I tried to push the condition inside myself (on each part of the union, instead the entire query) and it indeed pushed the regex condition into the join filter as expected, resulting in a query plan like this:
"QUERY PLAN"
"WindowAgg (cost=28.01..64.02 rows=10 width=80)"
" -> Append (cost=28.01..63.90 rows=10 width=72)"
" -> Subquery Scan on pg_table_0_view (cost=28.01..31.88 rows=5 width=72)"
" -> Hash Join (cost=28.01..31.82 rows=5 width=148)"

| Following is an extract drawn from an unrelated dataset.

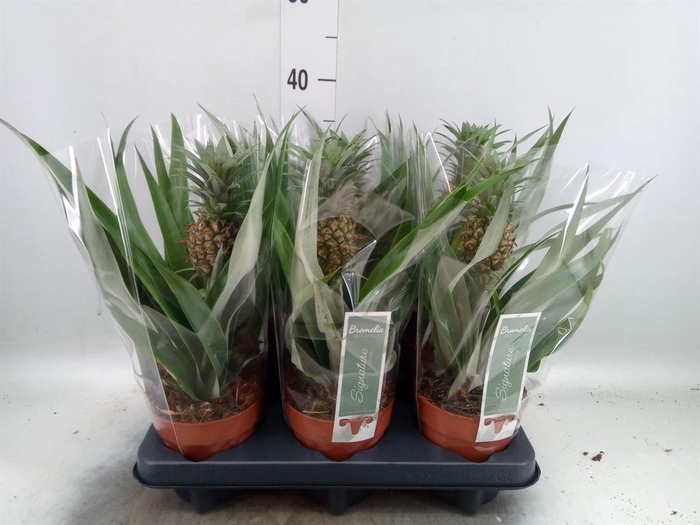 Ananas  'Rosita'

" Hash Cond: (pg_table_0.source_id = pg_metadata.source_id)"
" -> Foreign Scan on pg_table_0 (cost=0.00..0.00 rows=1000 width=16)"

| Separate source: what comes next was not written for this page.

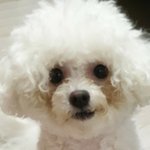 제 강아지 너무귀엽지않나요 ㅠㅠ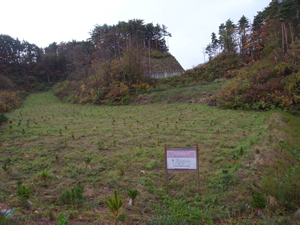 植栽地の様子（新潟県佐渡島）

" -> Hash (cost=28.00..28.00 rows=1 width=36)"
" -> Seq Scan on pg_metadata (cost=0.00..28.00 rows=1 width=36)"
" Filter: ((source ~ <regex condition>::text) AND (table_id = 0))"
" -> Subquery Scan on pg_table_1_view (cost=28.01..31.88 rows=5 width=72)"
" -> Hash Join (cost=28.01..31.82 rows=5 width=148)"
" Hash Cond: (pg_table_1.source_id = pg_metadata_1.source_id)"
" -> Foreign Scan on pg_table_1 (cost=0.00..0.00 rows=1000 width=16)"
" -> Hash (cost=28.00..28.00 rows=1 width=36)"
" -> Seq Scan on pg_metadata pg_metadata_1 (cost=0.00..28.00 rows=1 width=36)"
" Filter: ((source ~ <regex condition>::text) AND (table_id = 1))"
Which runs much faster.
Can I make postgres push the regex condition down into the join filters even if it's defined on the union?